The report says that 39,773 people “died by guns” last year, and this is where it appears a numbers game starts playing, which can be understandably frustrating to anyone used to asking direct questions and getting direct answers. It’s because of statements like this:
“Firearm deaths in the data include gun deaths by homicide and suicide, unintentional deaths, deaths in war or legal interventions, and deaths that are undetermined.”
Was there a shooting war somewhere in the United States last year that even CNN skipped reporting?

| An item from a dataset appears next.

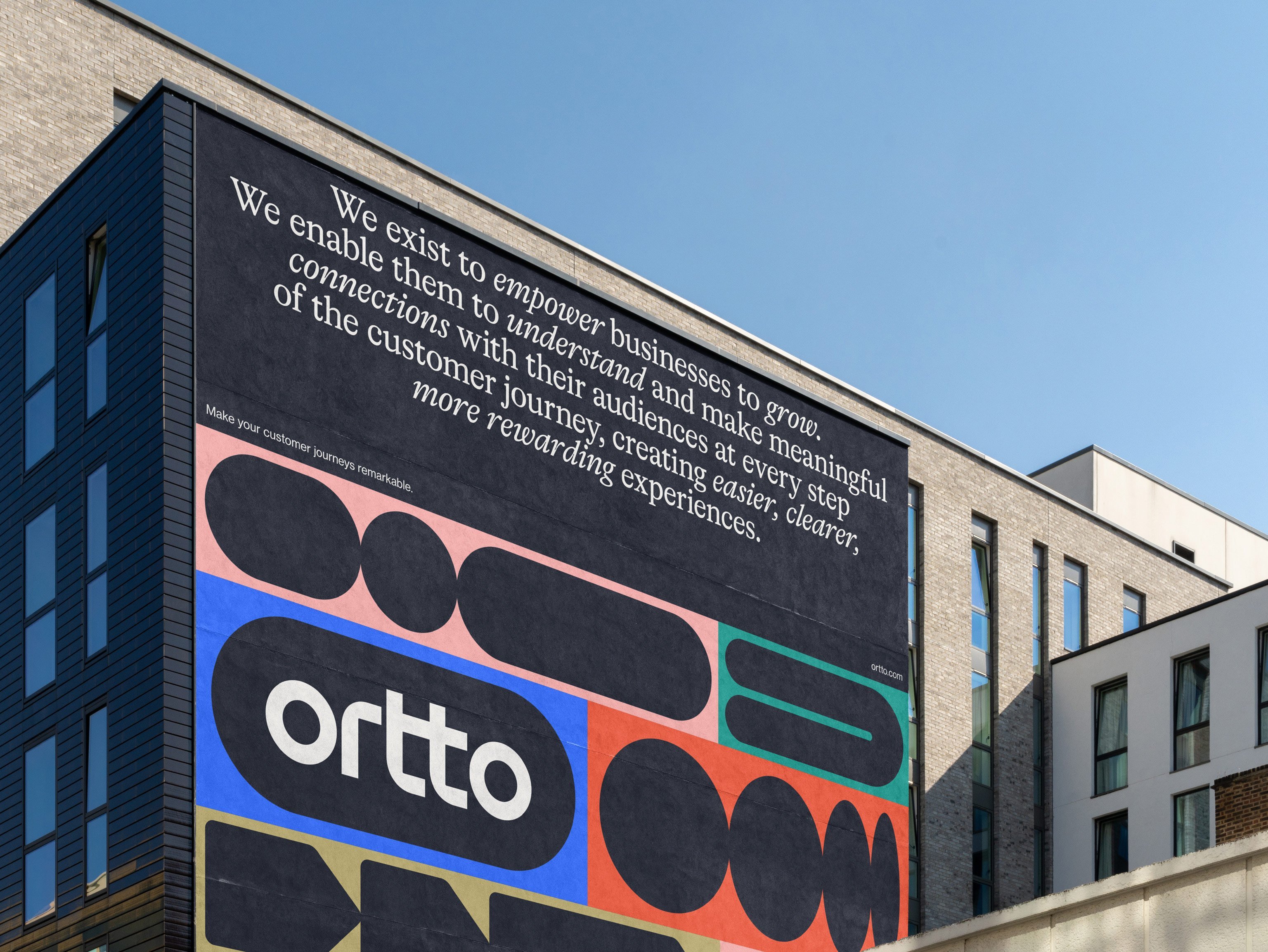 Brand identity and OOH advertising poster for automation, analytics and customer journey company Ortto designed by Christopher Doyle & Co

What, exactly, is an “undetermined” death? Perhaps, as in the case of Samuel Clemens (a.k.a. Mark Twain), reports of those undetermined deaths have been “greatly exaggerated.”

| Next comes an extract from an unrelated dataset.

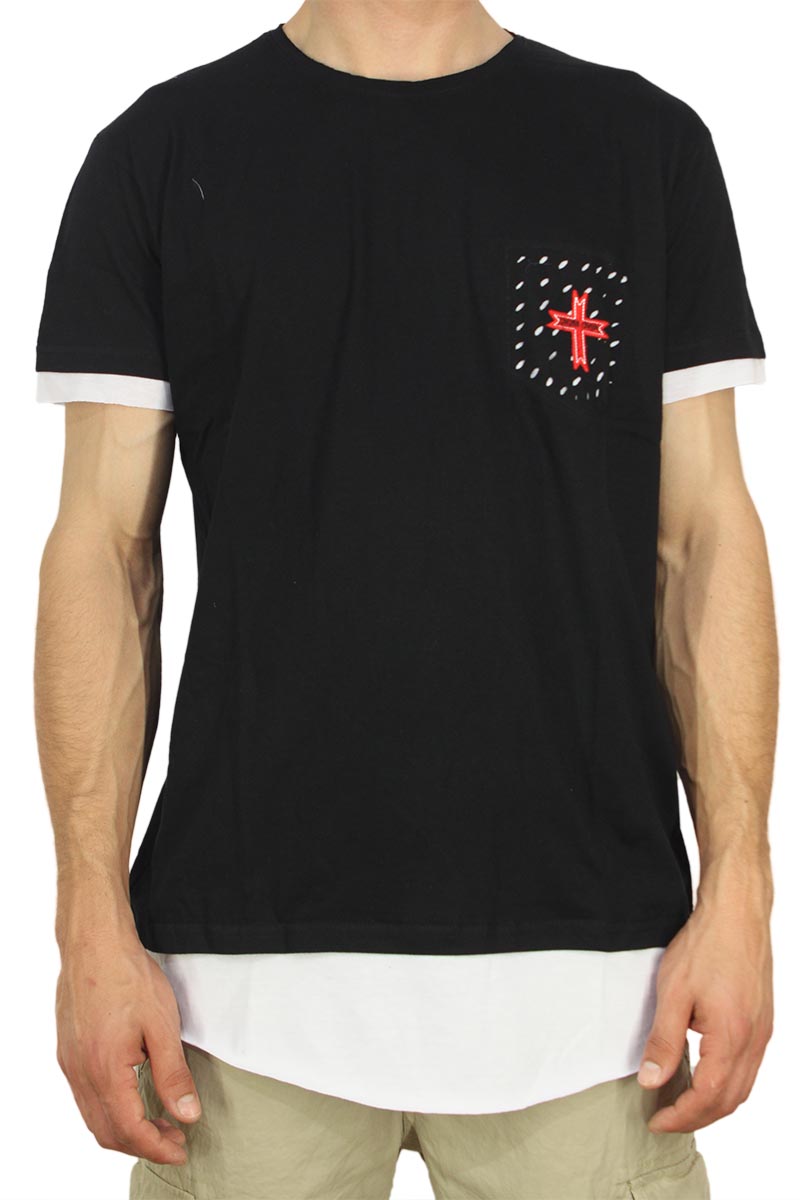 Crossover ανδρική longline μπλούζα μαύρη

According to CNN, 23,854 people died in suicides “by gun.” But the story doesn’t say how many died as the result of a criminal homicide. That’s okay, because the FBI Uniform Crime Report picked up CNN’s slack. According to the FBI, last year saw 10,982 slayings involving firearms. Of those, 7,302 were committed with handguns, 403 with rifles, 264 with shotguns and 3,283 with guns not identified in the report.
This comparison essentially confirms that roughly two-thirds of gun-related fatalities in any year are suicides and roughly one-third are homicides. It also confirms that a fraction of all homicides involves rifles of any kind, yet anti-gunners have been fanatical about banning so-called “assault rifles.” Why would anyone want to ban a whole class of firearms that may be involved in a fraction of killings unless it is solely for the purpose of getting the public used to the notion that certain types of guns can be banned? In this case, the ban would be on the most popular type of rifle in America.
And it also supports the argument that anti-gunners habitually combine the two numbers and claim that they are all victims of “gun violence.” But homicide is a crime and suicide is typically an act of emotional despair, so combining the two in order to provide an inflated number to create the impression of a “gun violence epidemic” just might be a fraud. At the very least, it is unfair to compare the two.
CNN does another interesting thing. It compares the number of deaths last year with the number in 1999; figures which may, or may not, have much to do with one another except that they are different. Back in ’99, there were 28,874 gun-related deaths. It’s a disparity of more than 10,000 fatalities. But 2017 isn’t a 20-year anniversary of 1999, so what’s the point?
Then the CNN story notes that in 1999, there were 16,599 suicides by firearm. That is more than 7,000 fewer suicides by gun than were reported last year.
And in the middle of this, the CNN story said “the age-adjusted rate of suicide deaths by firearm rose from 6.0 in 1999 to 6.9 in 2017.” Now, just what does that mean? The story lists “age-adjusted” suicide and homicide deaths by firearms among whites, blacks, Asians, Indians and Alaska natives.
People like bottom line numbers, and they understand perfectly when someone says there are “lies, damned lies and statistics.”